Turkish Exporter Argues Against 'Inconsistent' Date of Sale Standard at CIT
The Commerce Department improperly used an invoice date as the date of sale of goods in the 2021-22 review of the antidumping duty order on steel concrete rebar from Turkey, exporter Kaptan Demir Celik Endustrisi ve Ticaret told the Court of International Trade. Filing a motion for judgment on July 23, Kaptan said Commerce should have used the contract date as the date of sale (Kaptan Demir Celik Endustrisi ve Ticaret v. United States, CIT # 24-00018).
The exporter argued that the statute "does not clearly define the date of sale." The applicable law, 19 U.S.C. Section 1677a(a), says that the export price means the price at which the subject goods are first sold or agreed to be sold. While the trade court previously deferred to Commerce's understanding of the date of sale, the Supreme Court's recent decision in Loper Bright v. Raimondo eliminated this principle of deference, the brief said.
Kaptan also argued that Commerce didn't use the "best meaning" of the statute, and that the law allows for either the invoice date or the contract date to stand as the date of sale. The agency should "comprehensively review evidence on the record in each review segment to determine the date on which price" or other material terms kept in the exporter's records are set "without a presumption in favor of a specific date," the brief said.
The exporter said the "statute, legislative history, and Commerce’s regulations are clear that Commerce’s objective, as dictated by Congress and the law, is to determine when all sales terms are finalized for purposes of reporting the correct universe of sales." The agency has "inconsistently" applied its date of sale methodology and also been "contradictory" in defining what is and isn't a "material" term of sale, the exporter said.
In some cases, Commerce said it has a long-standing practice of looking beyond the invoice date, while in others, the agency has "found the presumption in favor of the invoice date (or shipment date) to be effectively un-rebuttable, despite record evidence that the material terms are set in the contract and cannot change," Kaptan said.
Kaptan also claimed that Commerce acted beyond its delegated authority. As the trade court has previously recognized, the agency doesn't have "unbridled discretion to apply invoice date as the date of sale across-the-board, with no regard for the record evidence," even under the old Chevron deferential standard.
Commerce went beyond its authority by invoking a "unpredictable, inconsistent" date of sale standard that "has become prohibitive to use of anything other than invoice date," the brief said. Without reliable definitions of "what constitutes a sale, a material term of a sale, and a final agreement, i.e. the absence of any material change to those terms, Commerce’s interpretation of the statute cannot be viewed as 'the best,' or even a 'permissible,' interpretation," Katpan argued.

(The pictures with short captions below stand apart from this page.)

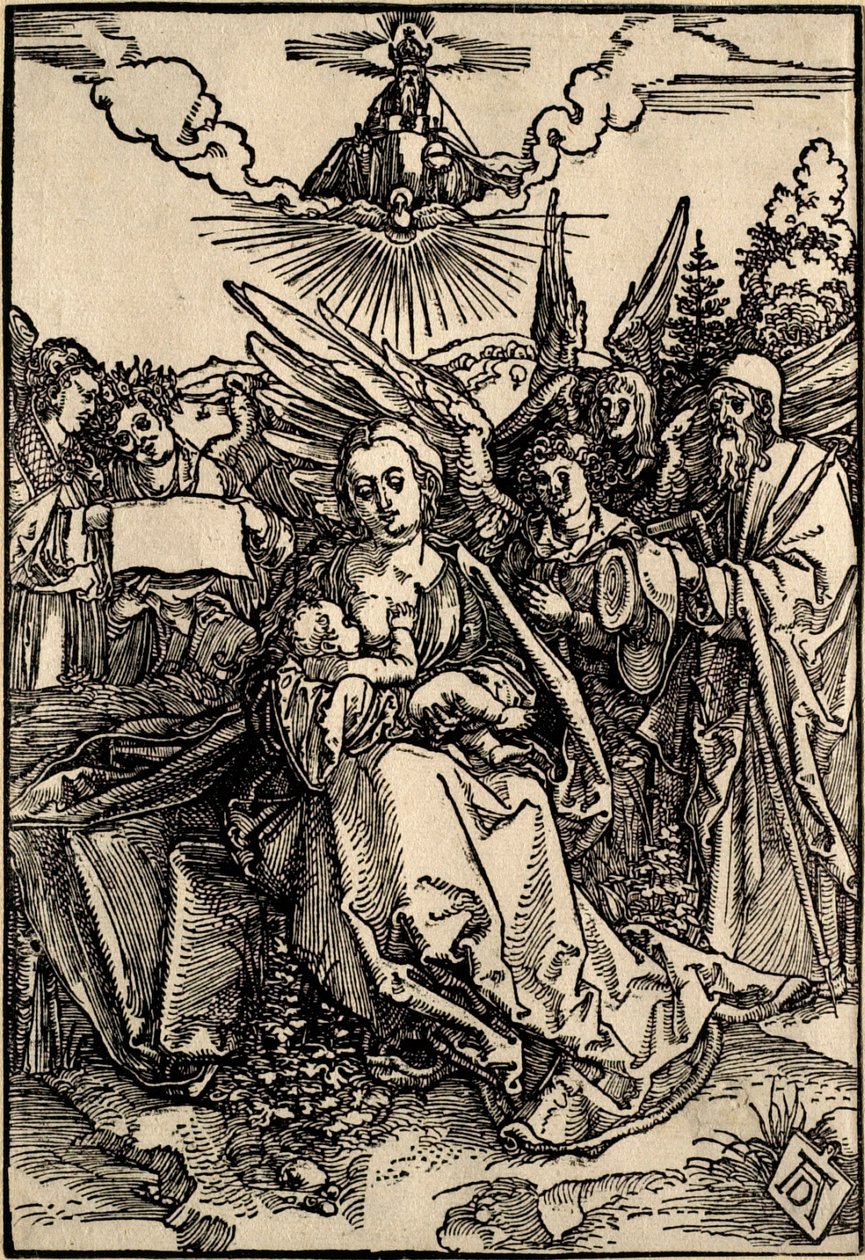 Pyhä perhe ja viisi enkeliä tekijältä Albrecht Dürer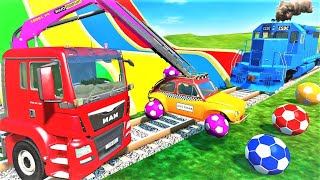 BeamNG Drive  Funny Cars vs Long Cars and Mcqueen with Slide Color  Truck Rescue Long Cars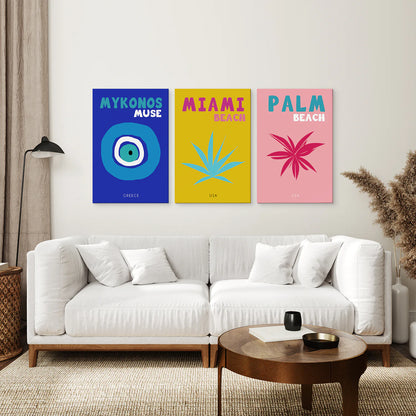 Trendy Maximalist Room Decor Set of 3 Prints. Travel Theme. Canvas Print. Living Room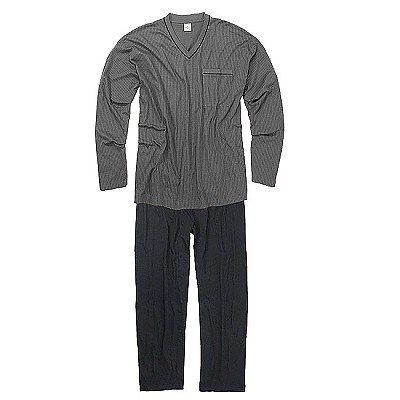 Pánské pyžamo ADAMO dlouhé šedé s proužkem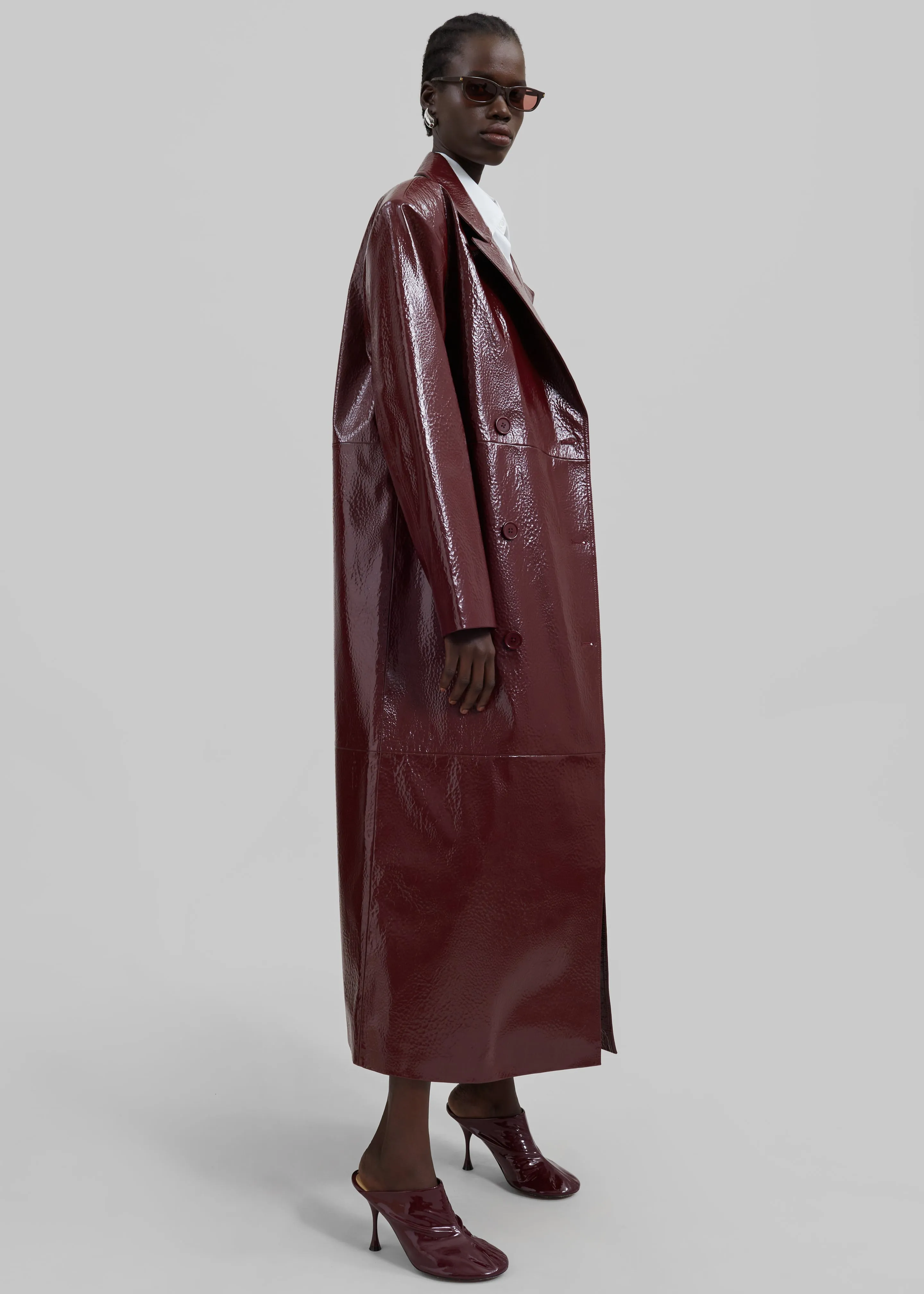 Burgundy Tina Crackled Faux Leather Trench Coat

Kaptan also argued against Commerce's calculation of the differences in merchandise (DIFMER) adjustment based on the "weight averaging and indexing of reported monthly costs" instead of per unit costs reports by Kaptan, inflating the dumping margin. The exporter said the agency should "simply calculate and use a monthly DIFMER adjustment from unindexed submitted per unit costs, which reflect the true cost differences and are not impacted by timing differences."